The literature supporting flavonoids for the treatment of neuropathic pain is limited to animal-based models at this point. We have summarized the literature for four well-studied, representative flavonoids above. Future studies will need to evaluate the effects of these flavonoids in the human population, starting with an evaluation of its side effect profile, including interactions with other commonly used neuropathic medications. Furthermore, it is potentially valuable to conduct additional animal-based model studies on other less studied flavonoids, such as luteolin, rutin, and morin, for more alternatives in neuropathic pain treatment.

Conclusion

Neuropathic pain remains a challenging condition for patients and providers, due to inadequate treatment options and its multifactorial nature.

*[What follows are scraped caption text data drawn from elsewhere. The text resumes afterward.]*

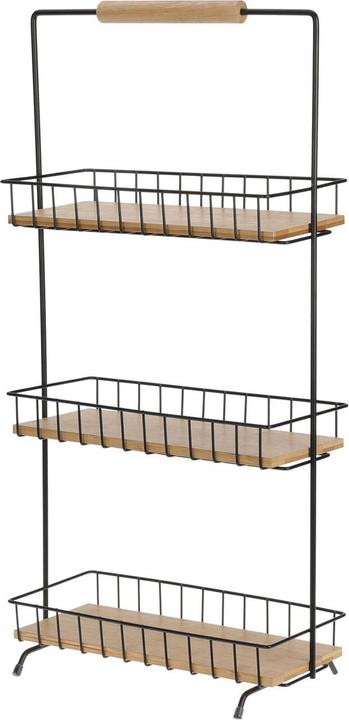Casativo Scaffale da cucina in metallo e bambù (29,5 x 12,5 x 58 cm)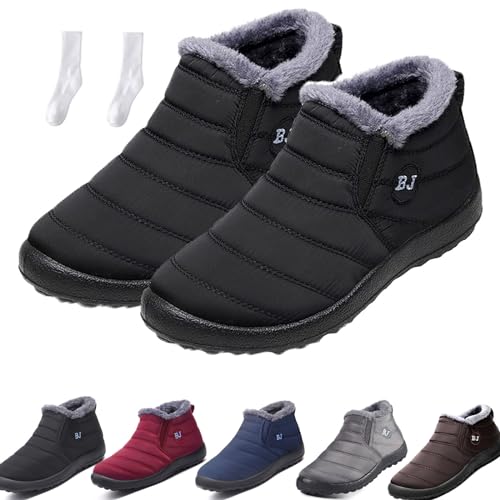 Boojoy Winterstiefel, Herren Damen Winter-Schneestiefel, wasserdicht, rutschfest, Stiefeletten, warme Outdoor-Schuhe mit Fellfutter (Schwarz, Erwachsene, Damen, 47, Numerisch, EU Schuhgrößensystem, M) von WIWIDANG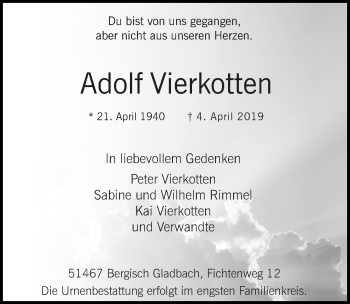 Anzeige von Adolf Vierkotten von  Bergisches Handelsblatt 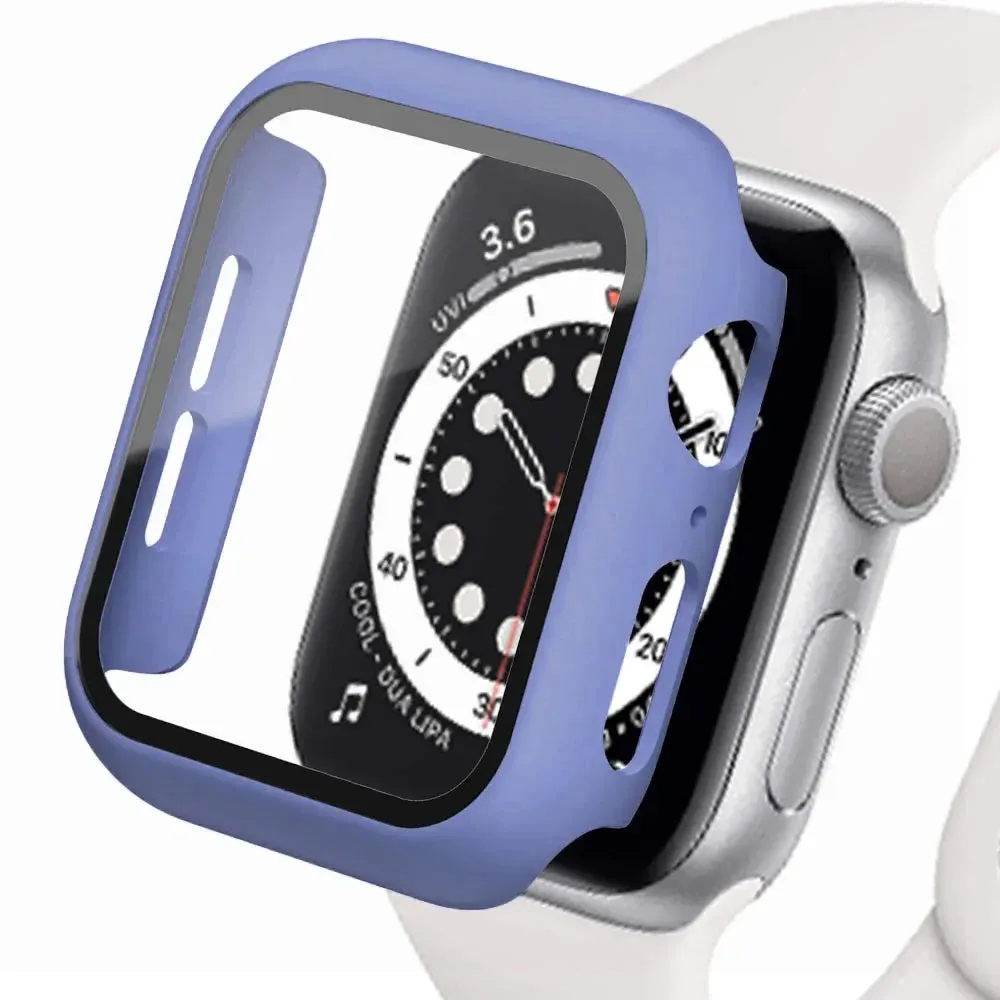 Bumper Cover Case with Tempered Glass For Apple Watch serie 9 4 5 6 SE 7 8 - 45mm 41mm 44mm 40mm 42mm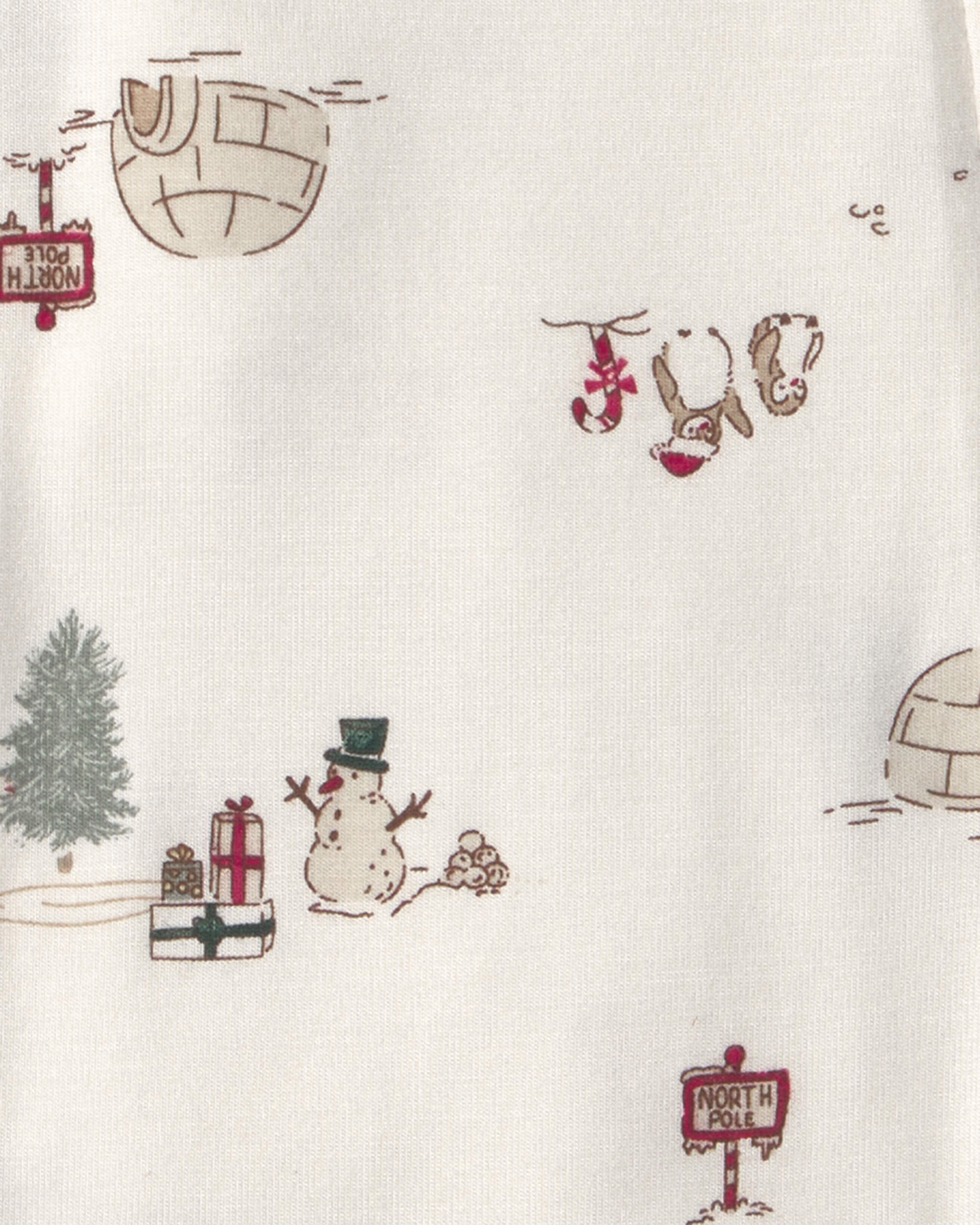 Baby 1-Piece North Pole Christmas PurelySoft™ Snug Fit Pyjama - Cream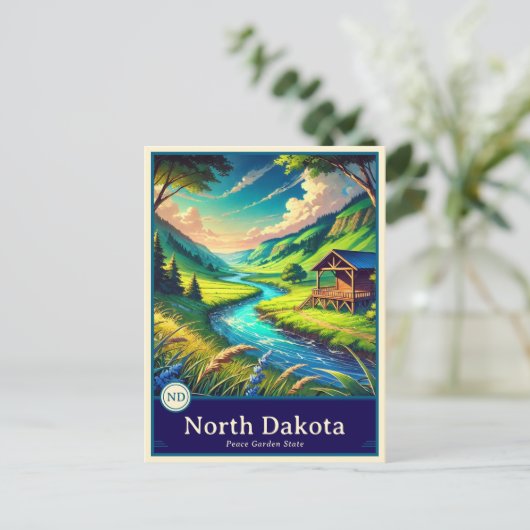 North Dakota | Anime Style Cel Shaded Postcard ポストカード (スタンド正面)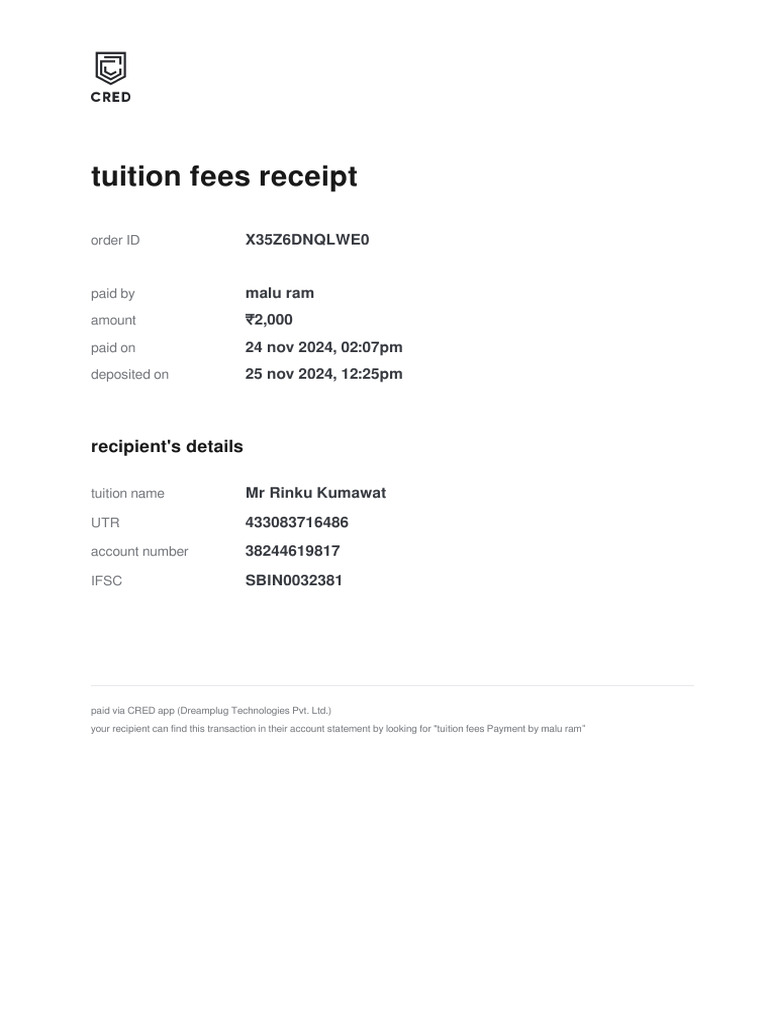 Tuition Fees Receipt: Recipient's Details | PDF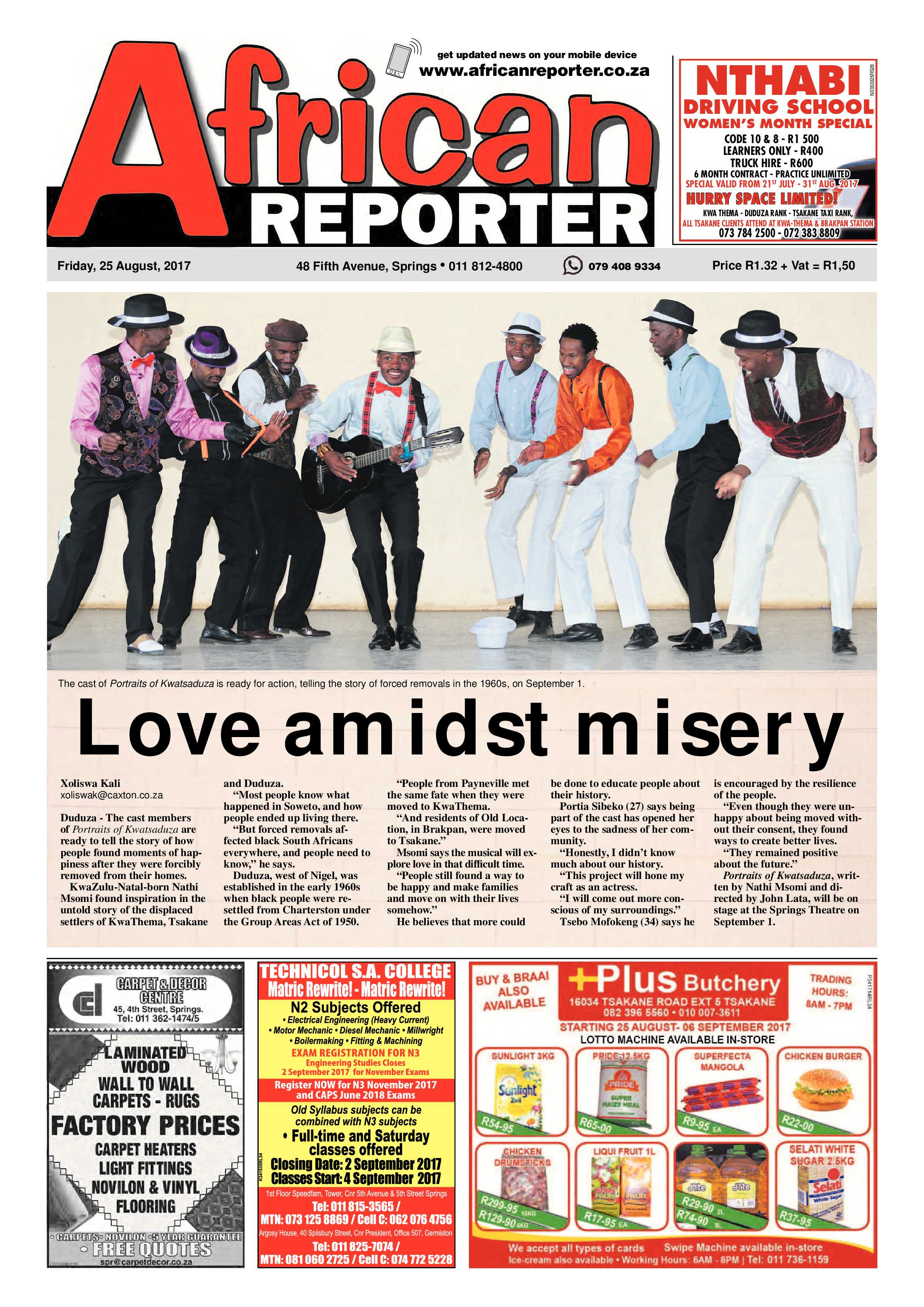 African Reporter 25 August 2017 page 1
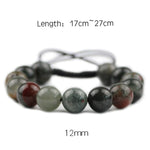 Braided/Elastic Rope Natural Bloodstone Charm BraceletBracelet12mm-Braided rope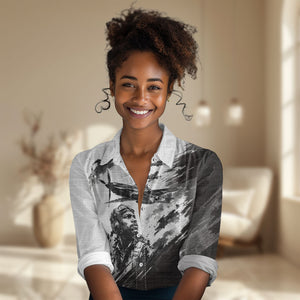 Personalized Tuskegee Airmen Women Casual Shirt Black And White Grunge WWII Aviation Art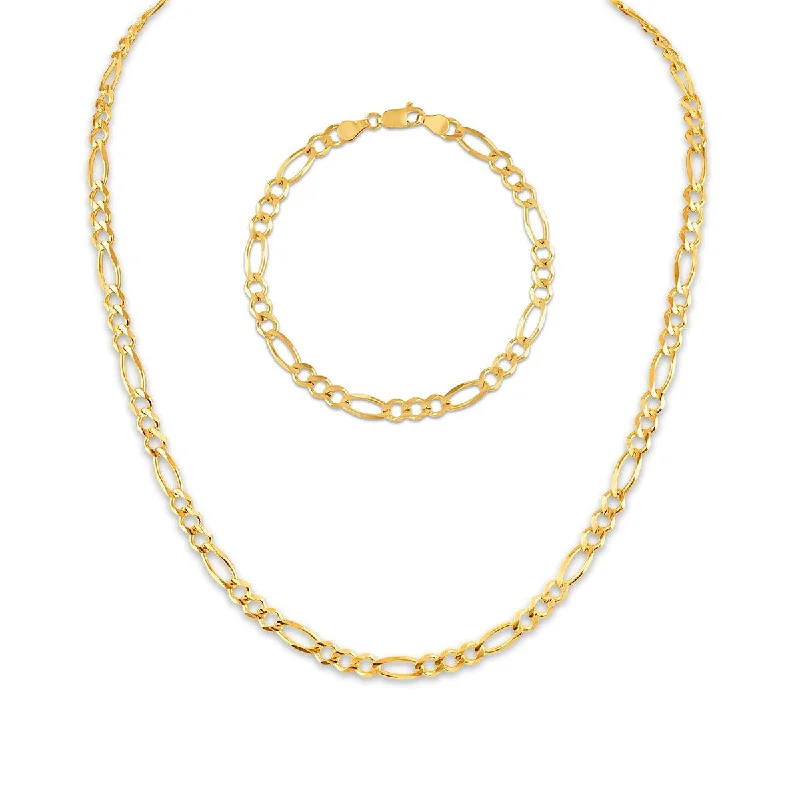 10KT Yellow Gold 3.2MM Figaro 20-inch Chain 8-inch Bracelet Set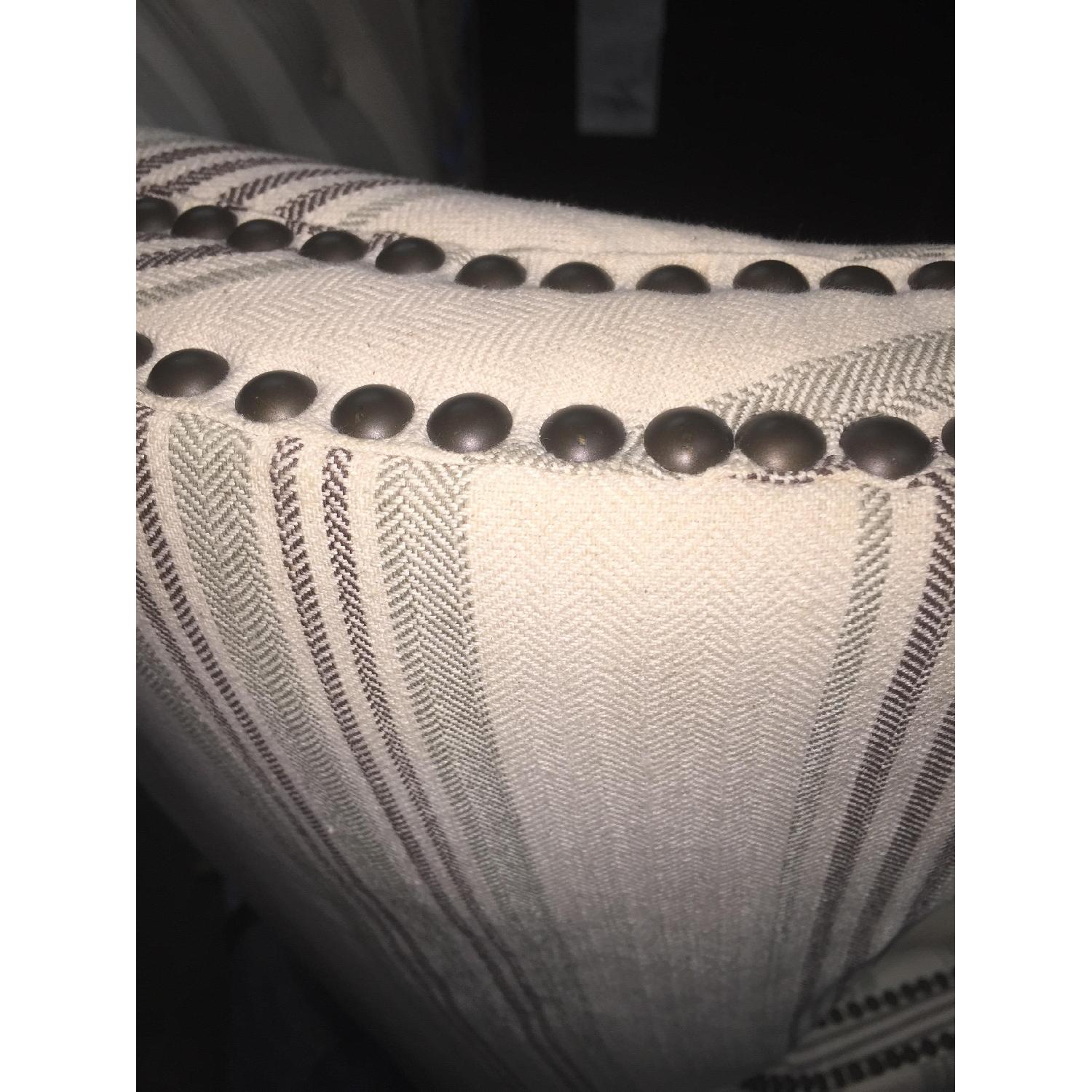 Home Goods Striped Wingback Chair w/ Nail Head Details - image-5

Numerous animal-model studies have demonstrated the potential benefit of flavonoids in the treatment of neuropathic pain, and the reversal of hyperalgesia and allodynia in numerous models, such as diabetic neuropathy, chemotherapy-induced peripheral neuropathy, and peripheral nerve injury. The anti-inflammatory effect of flavonoids is further demonstrated by the reduction in multiple pro-inflammatory mediators, such as TNF-α, NF-κB, IL-1β, and IL-6, which have been implicated in the pathophysiology of neuropathic pain. Overall, flavonoids present a potentially new treatment modality for neuropathic pain in preclinical models, though human clinical evidence is yet to be explored at this time.